Characterizing and Predicting Wildfire Evacuation Behavior: A Dual-Stage ML Approach
arXiv:2603.02223v1 Announce Type: new Abstract: Wildfire evacuation behavior is highly variable and influenced by complex interactions among household resources, preparedness, and situational cues. Using a large-scale MTurk survey of residents in California, Colorado, and Oregon, this study integrates unsupervised and supervised machine learning methods to uncover latent behavioral typologies and predict key evacuation outcomes. Multiple Correspondence Analysis, K-Modes clustering, and Latent Class Analysis reveal consistent subgroups differentiated by vehicle access, disaster planning, technological resources, pet ownership, and residential stability. Complementary supervised models show that transportation mode can be predicted with high reliability from household characteristics, whereas evacuation timing remains difficult to classify due to its dependence on dynamic, real-time fire conditions. These findings advance data-driven understanding of wildfire evacuation behavior and dem
arXiv:2603.02223v1 Announce Type: new Abstract: Wildfire evacuation behavior is highly variable and influenced by complex interactions among household resources, preparedness, and situational cues. Using a large-scale MTurk survey of residents in California, Colorado, and Oregon, this study integrates unsupervised and supervised machine learning methods to uncover latent behavioral typologies and predict key evacuation outcomes. Multiple Correspondence Analysis, K-Modes clustering, and Latent Class Analysis reveal consistent subgroups differentiated by vehicle access, disaster planning, technological resources, pet ownership, and residential stability. Complementary supervised models show that transportation mode can be predicted with high reliability from household characteristics, whereas evacuation timing remains difficult to classify due to its dependence on dynamic, real-time fire conditions. These findings advance data-driven understanding of wildfire evacuation behavior and demonstrate how machine learning can support targeted preparedness strategies, resource allocation, and equitable emergency planning.
Executive Summary
This study employs a dual-stage machine learning approach to characterize and predict wildfire evacuation behavior in California, Colorado, and Oregon. Using a large-scale MTurk survey, the researchers identify latent behavioral typologies and develop predictive models for key evacuation outcomes. The study reveals consistent subgroups differentiated by various household characteristics and demonstrates the feasibility of using machine learning to support targeted preparedness strategies and resource allocation. The findings have significant implications for emergency planning and resource allocation, particularly in the context of wildfires. However, the study's reliance on self-reported data and its limited geographic scope may impact the generalizability of the results. Further research is needed to validate the findings and explore the applicability of these methods to other disaster contexts.
Key Points
- ▸ The study employs a dual-stage machine learning approach to analyze wildfire evacuation behavior
- ▸ The researchers identify latent behavioral typologies and develop predictive models for key evacuation outcomes
- ▸ The study demonstrates the feasibility of using machine learning to support targeted preparedness strategies and resource allocation
Merits
Strength in Methodology
The study's use of a dual-stage machine learning approach allows for a nuanced understanding of wildfire evacuation behavior and enables the development of predictive models for key evacuation outcomes.

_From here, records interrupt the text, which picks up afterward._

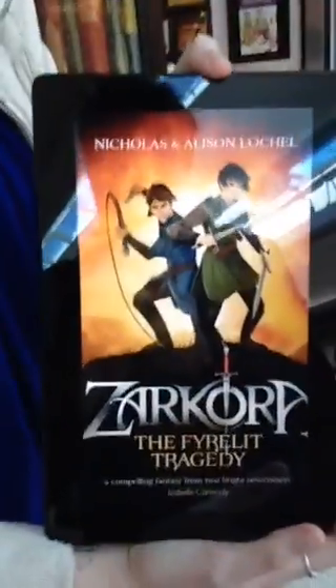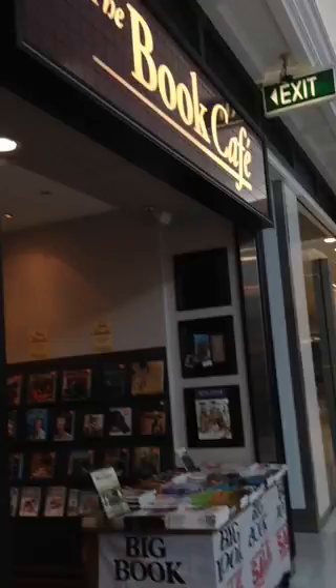It's Nicholas and Alison Lockel here. We are the authors of the Zecoria series. I'll just give you a look — that is the cover for the books. What we're doing is taking part in Hachette's Where I Write project, which is a cool project where authors get to show off where they like to write. That's why we are here at the Book Cafe in Brisbane.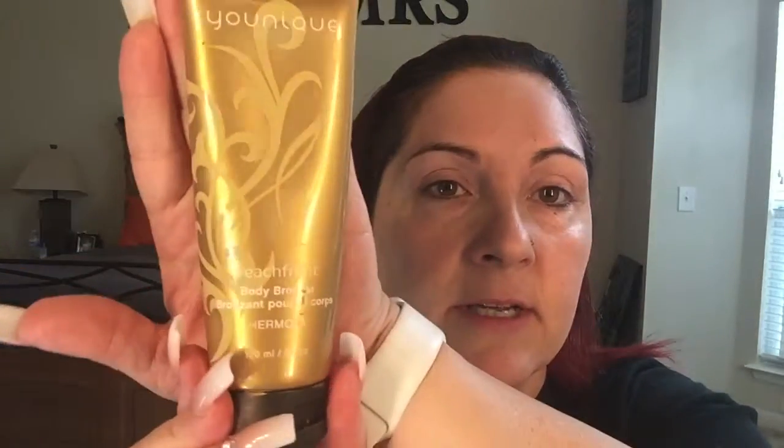I also love our Beachfront Body Bronzer. This stuff is amazing. I love to put it on my face.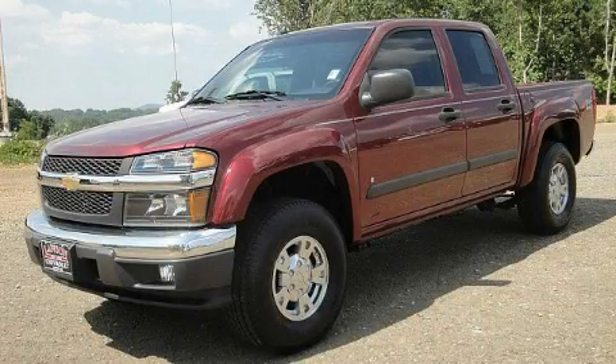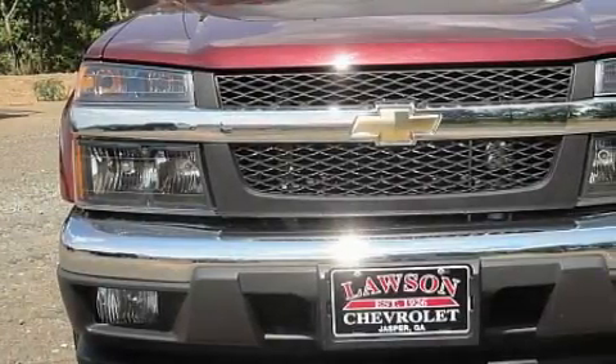This is a low-mileage 2008 Chevrolet Colorado. Whether hauling, commuting, or towing, this truck is the right one for you.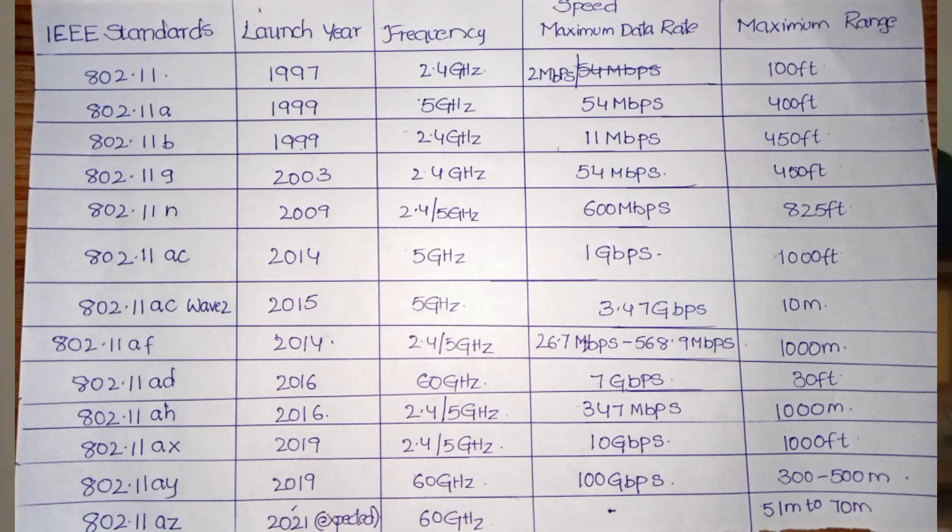Next is 802.11ax, launched in 2019, at 2.4 GHz with a maximum speed of 10 Gbps and a maximum range of 1000 feet. Then 802.11ay at 60 GHz with a speed of 100 Gbps and a range of 300 to 500 meters. Finally, 802.11ez has not been launched yet; it operates at 60 GHz with a maximum range of 51 to 70 meters and speed not yet mentioned.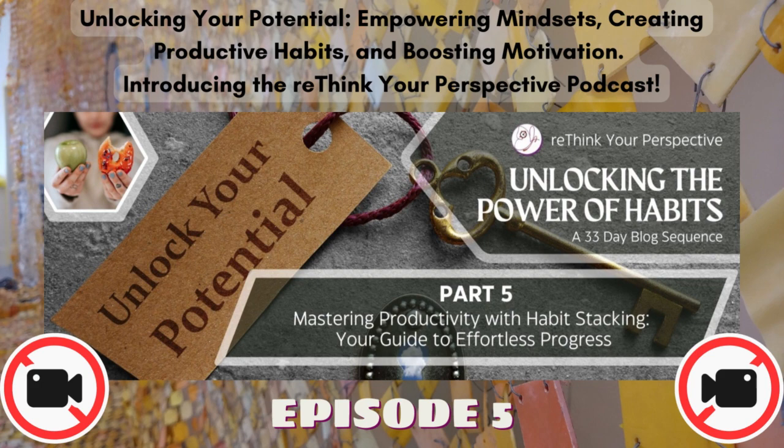Benefits of Habit Stacking. Let's explore the compelling reasons why it's considered a game-changer in personal development. Efficiency: habit stacking streamlines your daily routines by piggybacking new habits onto habits you already do regularly, saving valuable time and mental effort and eliminating the need to create entirely separate rituals. Consistency: leveraging established habits increases the likelihood of maintaining your new habit consistently. The familiarity and routine of your anchor habit make it easier to remember and follow through with the additional habit you want to cultivate.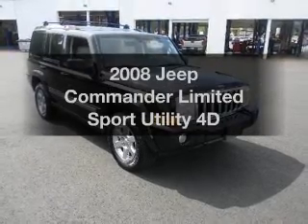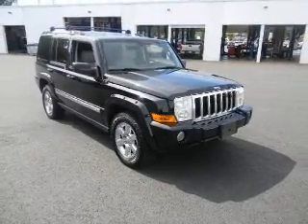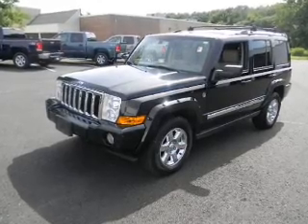Imagine yourself in this 2008 Jeep Commander. Travel the roads in style and comfort in this great vehicle.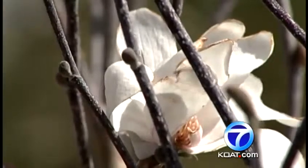Byron Morton, KOAT Action 7 News. The average date of the last freeze in spring for Albuquerque isn't until April 13th.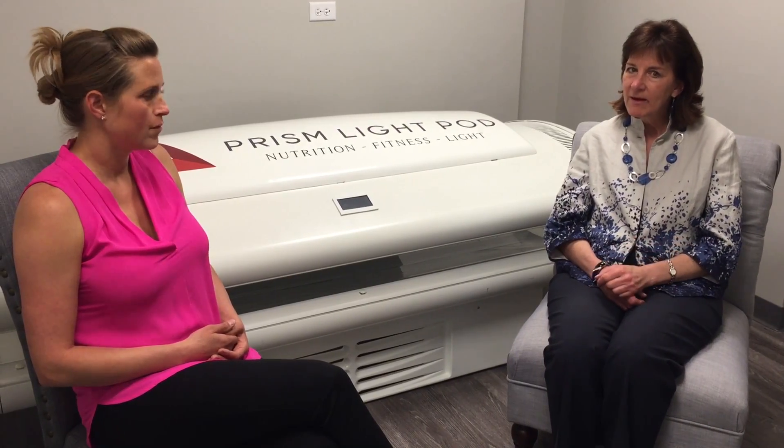I was diagnosed with degenerative disc disease in my neck and they wanted to do surgery. I had compression on my nerves and I had issues with weakness in my left hand — you couldn't even lift something like your mascara up to your eye.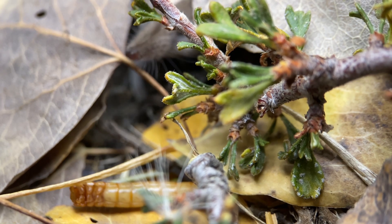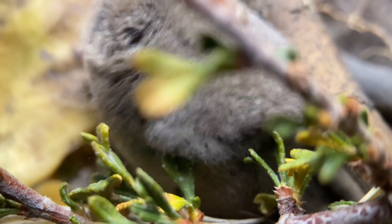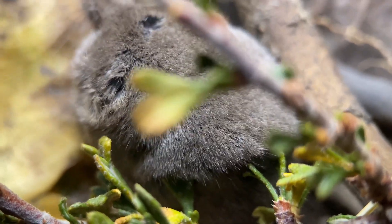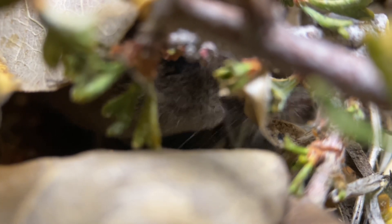This shrew's common and scientific name are both derived from the mountain from which they were first collected in 1902, and that of course is Mount Lyell, which is actually about 20 kilometers or so from where we are right now.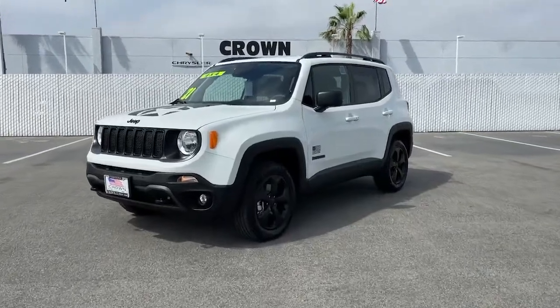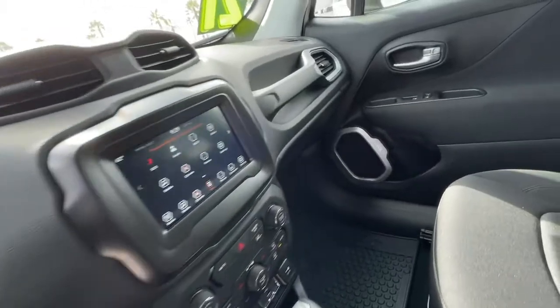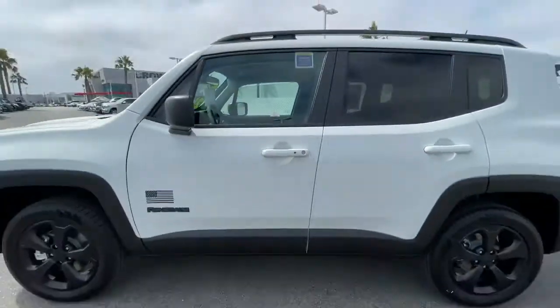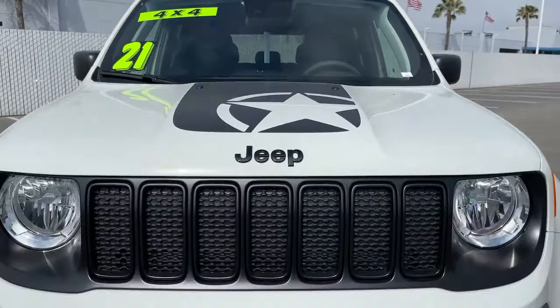You will be amazed by this 2021 Jeep Renegade. The Jeep Renegade — the small SUV with iconic heritage, bold design, smart technology, and a penchant for off-road adventure. These are just some of the great options this vehicle comes with.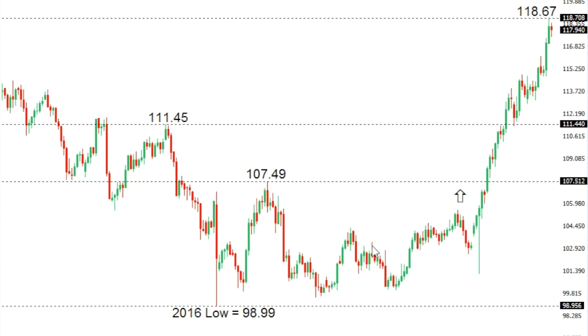Dollar yen. Dollar yen continues with its impressive surge. The market has now broken up through critical resistance in the 115 area, taking us up thus far above 118. At this point, clearly 120 psychological barriers are in sight.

Advancements in Data-Driven Understanding
The study's findings advance the data-driven understanding of wildfire evacuation behavior and have significant implications for emergency planning and resource allocation.
Demerits
Limitation in Data Quality
The study's reliance on self-reported data may impact the accuracy and generalizability of the results, particularly in the context of sensitive topics such as household resources and preparedness.
Limited Geographic Scope
The study's focus on California, Colorado, and Oregon may limit the generalizability of the findings to other regions and contexts.
Expert Commentary
This study represents a significant advancement in the use of machine learning to analyze wildfire evacuation behavior. The dual-stage approach employed by the researchers allows for a nuanced understanding of the complex interactions among household resources, preparedness, and situational cues. The study's findings have significant implications for emergency planning and resource allocation, particularly in the context of wildfires. However, further research is needed to validate the findings and explore the applicability of these methods to other disaster contexts.
Recommendations
- ✓ Future studies should focus on validating the findings and exploring the applicability of these methods to other disaster contexts, such as hurricanes or earthquakes.
- ✓ Researchers should consider incorporating additional data sources, such as social media or sensor data, to improve the accuracy and generalizability of the results.